- Ripple Labs has filed its opposition against the SEC’s motion for remedies in which it challenged the regulator’s overreaching demands
- Ripple insists that its civil penalty should not exceed $10 million and that the SEC has failed to prove that a disgorgement is warranted
FinTech giant Ripple has filed an opposition to the US SEC’s (Security and Exchange Commission’s) motion for remedies and entry of final judgment. In the document dated April 22, Ripple clearly stated that the SEC had failed to prove that any injunction or disgorgement was warranted in the case.

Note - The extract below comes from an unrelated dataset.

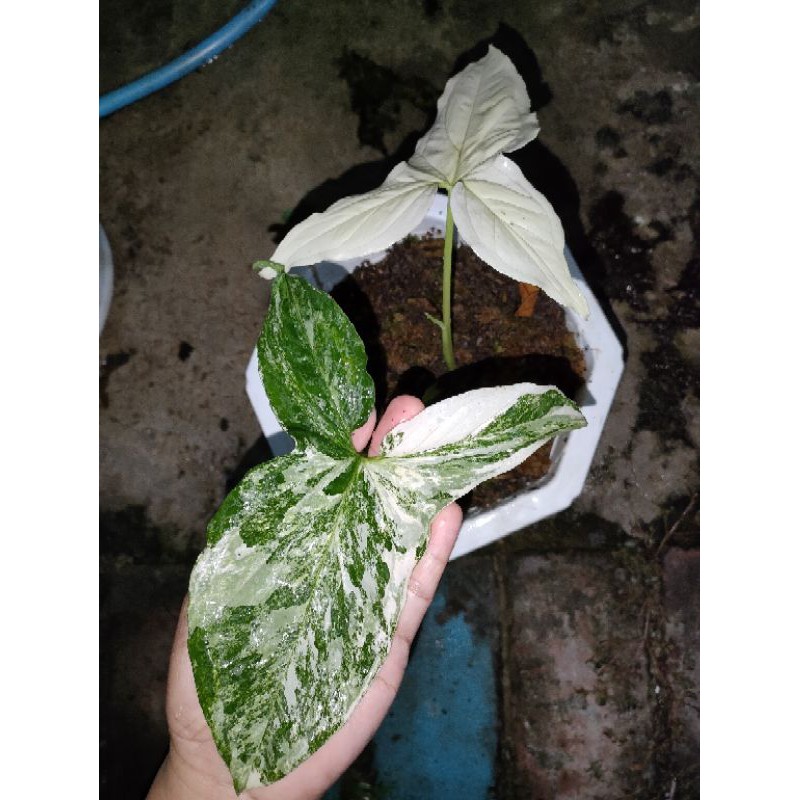 Syngonium varigata putih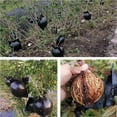 thumbnail image 2 of Maoww 4 Pcs Boules d'Enracinement et de Greffage pour Plantes Dispositif d'Enracinement Réutilisable Contrôleur de Botanique pour Roses Arbres Buissons de Fruits No.3, 2 of 6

The firm also argued that the relevant factors in its case warrant a low penalty not exceeding $10 million.
This filing by Ripple follows the SEC’s motion of remedies against the firm last month, in which the regulator demanded approximately $2 billion in penalties. The remedies were split into a disgorgement, a civil penalty, and a prejudgement interest.
The SEC determined a disgorgement of $876,308,712, which it said was a “reasonable approximation of profits causally connected to the violation.” According to the Commission, this disgorgement will return Ripple to its financial status quo before it allegedly made illegal profits from institutional sales.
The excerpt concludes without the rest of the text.